Yahoo Inc. (YHOO), operator of the Internet's most popular site, said on Wednesday that quarterly net profit rose 62 percent, aided by its October purchase of Web search advertising provider Overture Services Inc.

But Yahoo shares slipped 3.8 percent to $46.55 in after-hours trade as the company's fourth-quarter profit and 2004 forecast fell short of analysts' and investors' unofficial growth expectations, which ran ahead of Wall Street's published estimates. The so-called "whisper numbers" sent the stock higher in recent sessions.

"The Street was flying free," said one financial analyst who follows the company but declined to be named. "The stock may have gotten a little ahead of itself."

"The fundamentals remain very strong. I thought the guidance was pretty healthy," said Imran Khan, an analyst at Fulcrum Global Partners, an independent research firm that has no investment banking. Khan does not own Yahoo shares.

Sunnyvale, California-based Yahoo posted fourth-quarter earnings of $75 million, or 11 cents a diluted share, compared with net profit of $46.2 million, or 8 cents last year.

Revenue was $511.3 million, up from $285.8 million a year ago. Those figures exclude traffic acquisition costs, or TAC, which cover Yahoo's revenue sharing with partners such as Microsoft Corp.'s (MSFT) MSN Internet unit. Including TAC, revenue was $663.9 million.

The company's biggest revenue driver is marketing services, or online advertising, which surged 178 percent to $545.5 million. Fee revenue from such premium services as personal ads and SBC/Yahoo DSL, were up 37 percent to $85.2 million.

Yahoo's results matched analysts' average estimate for a profit of 11 cents a share and beat their call for revenue, excluding TAC, of $495.49 million, according to Reuters Research, a unit of Reuters Group Plc.
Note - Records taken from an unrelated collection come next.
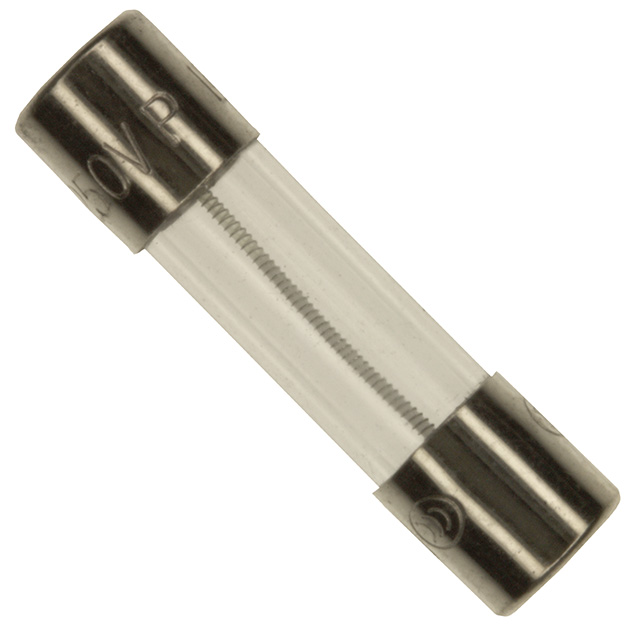 0213005.MXBF61P - Wickmann / Littelfuse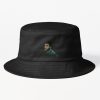 ssrcobucket hatproduct10101001c5ca27c6srpsquare1000x1000 bgf8f8f8.u2 - The Weeknd UK Shop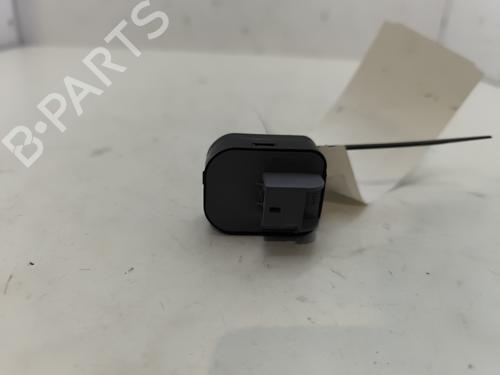 Mirror switch AUDI A3 (8P1) 1.9 TDI | BP28963304I25  - Image 5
"I think we've built a strong and diverse foundation which assists us in achieving our long-term objective to generate consistent and sustainable growth," Yahoo Chairman and Chief Executive Terry Semel said.
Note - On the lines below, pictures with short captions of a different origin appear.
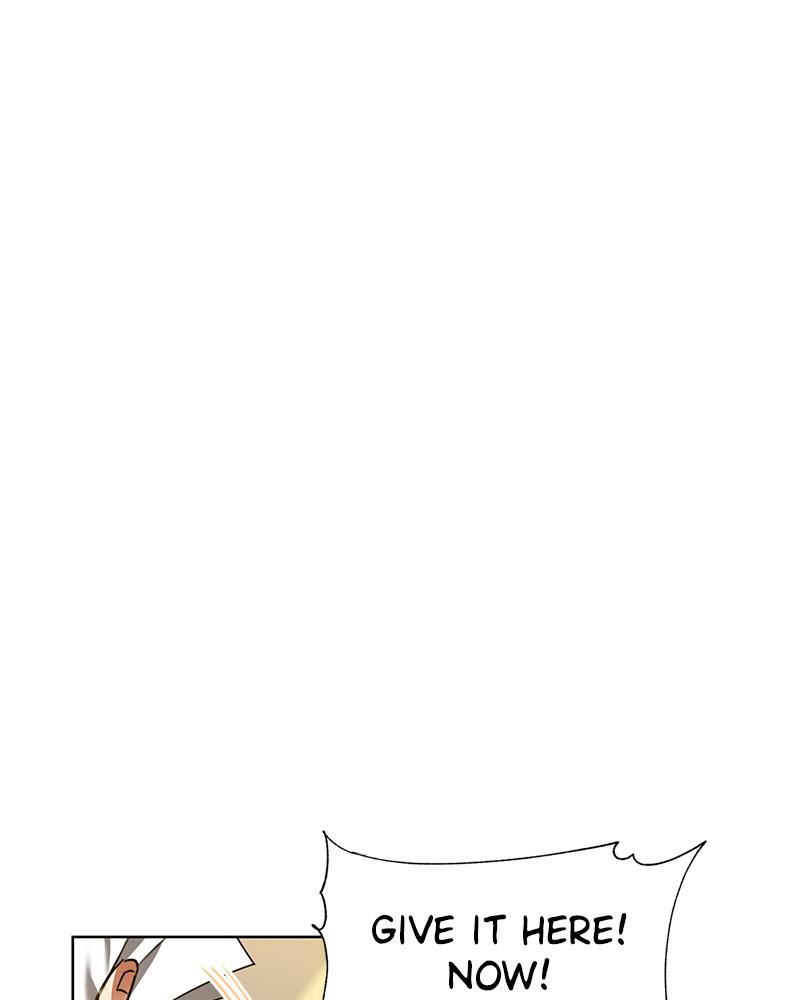 Page 110 of Chapter 22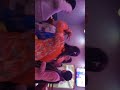 #bhojpurisong #bhojpuridance #bhojpurivideosong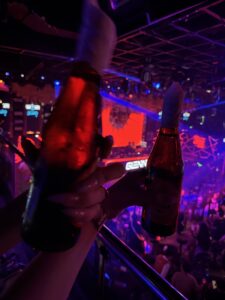 あんブログ 土曜〜！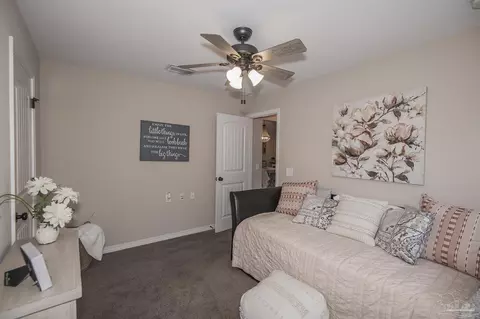 5801 Corkscrew Ct, Pace, FL 32571 photo 14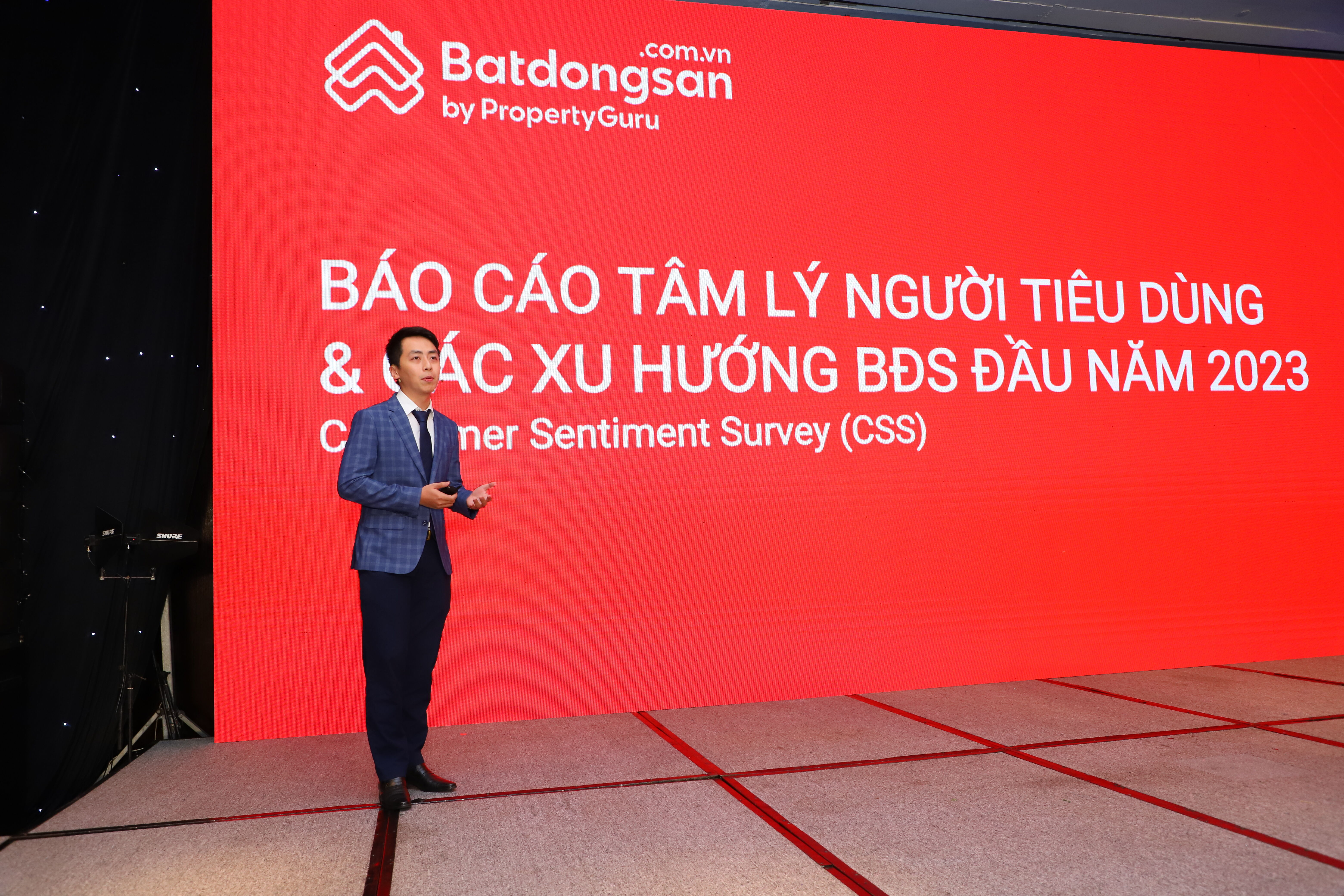 1._ong_le_bao_long_gd_chien_luoc_batdongsan.com.vn_20230106072923.jpg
Semel, the former co-chair of Warner Bros. (TWX), has helped steer Yahoo into new and profitable areas after its important banner advertising revenues were deflated by the dot-com bust. He has helped bring in more fees from premium services like online dating and job search, while spearheading the acquisitions of Web search provider Inktomi and Overture, a key player in the fast-growing and very lucrative Web advertising services market.

Yahoo in recent months has been turning up the heat on its rival Google Inc., the No. 1 Web search company. Executives said in a conference call that Yahoo will be even more aggressive in search in 2004, using its own search technology during the first quarter on most its site, replacing Google.
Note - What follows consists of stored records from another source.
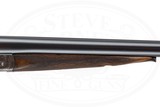 G. BATE BOXLOCK 16 GAUGE 30 INCH BARRELS - Image 12 of 16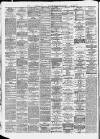 Ormskirk Advertiser Thursday 04 March 1880 Page 2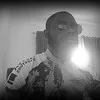 Delfim Tauro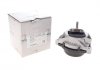 Подушка двигателя (L) BMW 3 (F30/F80/G20)/5 (F10/G30/G90)/7 (G11/G12)/X5 (F15/F85) 11- AUTOMOTIVE TRUCKTEC 08.22.050 (фото 1)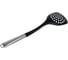 Шумовка Walmer HOME CHEF 36 см W30027036 4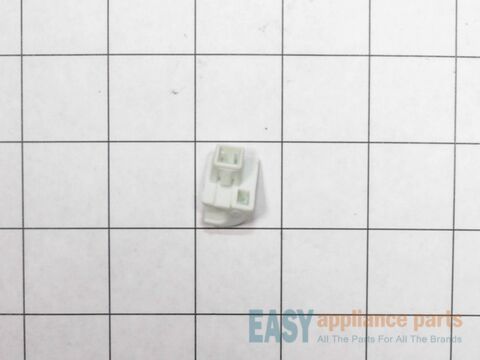 LATCH-STOPPER – Part Number: WB06X10487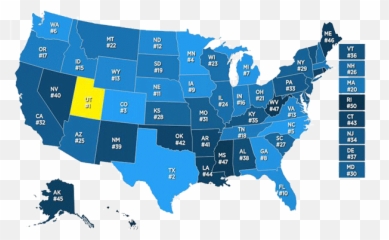 Free Press Wv - Electoral Vote Emoji,Jeanette Hutchinson Of The Emotions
Semel said Web advertising will continue to drive growth in 2004 and that Yahoo's marketing services revenue is expected to accelerate 25 percent to 30 percent — faster than the overall advertising market.

Executives also see Yahoo's unique paying subscriber number rising to more than 7 million at the end of 2004, from almost 5 million in 2003.

For the current first quarter, Yahoo forecast revenue, excluding traffic acquisition costs, of $475 million to $505 million. For 2004, Yahoo sees revenue, excluding TAC, of $2.12 billion and $2.25 billion.

Analysts, on average, estimate that Yahoo will post a first-quarter profit of 11 cents a share on revenue, excluding TAC, of $491.7 million. For the year, they expect the company to have a profit of 54 cents a share on $2.18 billion in revenue before TAC.